The Crucified was not left to be covered over with earth as executed Jews usually were. Roman custom permitted the body to be handed over to friends or relatives. It was not a disciple - we are told - but an individual sympathizer, who appears only at this juncture, the councilor Joesph of Aramathea, apparently not later a member of the community, who had the body buried in his private grave. Only a few women were witnesses. Mark at an early state attaches importance to the official notification of death. And not only Mark, but also the ancient profession of faith, transmitted by Paul, stresses the fact of the burial which is beyond doubt. But although there was a great religious interest at that time in the graves of the Jewish martyrs and prophets, oddly enough there never arose a cult at the grave at Nazareth.
Hans Kung: On Being A Christian
As has been mentioned here before, the start of my real conversion started when, sometime in the mid-1990s, I read John Dominic Crossan's Historical Jesus. But even then there were things Crossan said that I questioned, one of those was his certainty that the story of the burial of Jesus in a tomb was false and that his body was almost certainly left for dogs or birds to devour or merely thrown in a ditch. I remember reading that wondering why he felt so sure when the only documentation of what happened was exactly what Kung says is "beyond doubt" is in line with the above passage. And, considering how much stock he and his fellow Jesus Seminar members put on multiple attestation, all four of the canonical Gospels but also the earliest New Testament writings that preceded those in the form we have them attest to the burial, most of them mentioning the tomb of Joseph. It would seem to be a lapse in method for him to hold that more poplar modern position on this. As much as I esteem his scholarship and his writing, I have to say that my skepticism about Crossan has grown over the last quarter of a century. I do doubt his motives which are too much in line with modern ideology for me to be comfortable with. As Walter Brueggemann has said, like so many other scholars, Crossan wants to reconstruct Jesus to fit his preferences.
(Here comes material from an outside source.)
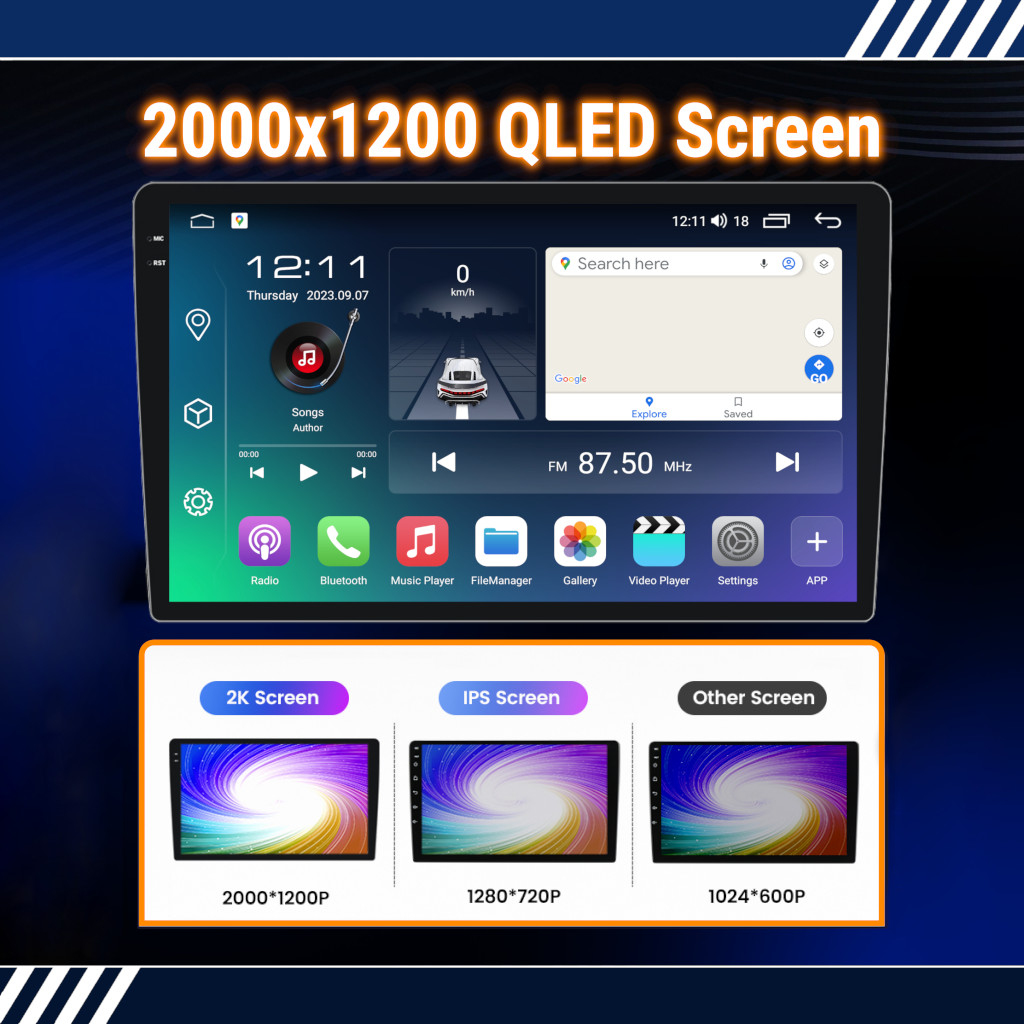 Android CarPlay Radio For VW Crafter MK2 MAN TGE QLED Auto GPS SatNav Head Unit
The point that Kung makes, that there was no cult of the grave of Jesus in the earliest years of Christianity - even in the earliest community in Jerusalem, the pre-Christian Jesus movement is certainly interesting. The earliest proposed location of the tomb doesn't seem to trace before Constantine sent his mother Helena to find the tomb.
You get the feeling that when a local community got visited by the Emperor's mother with the request to find the Tomb of Jesus that one was going to be found. And so one was, as was a hill with three crosses on it, or so the story goes. I find the absence of a tradition going back to the Jerusalem community which included witnesses to the death, burial and Resurrection more convincing than the supposed location of the tomb. The later proposed tombs, the "garden tomb" discovered in the 19th century and a more recent one found by a cabloid TV huckster and self-created expert aren't even as interesting as the first one.
I think no such site of cultic devotion arose in the earliest community because they didn't think his body was there. I think they figured it wasn't important, as Luke reported the "the two men " said to the women who went to the tomb to anoint the body, "Why do you look for the living among the dead? He is not here, but has risen."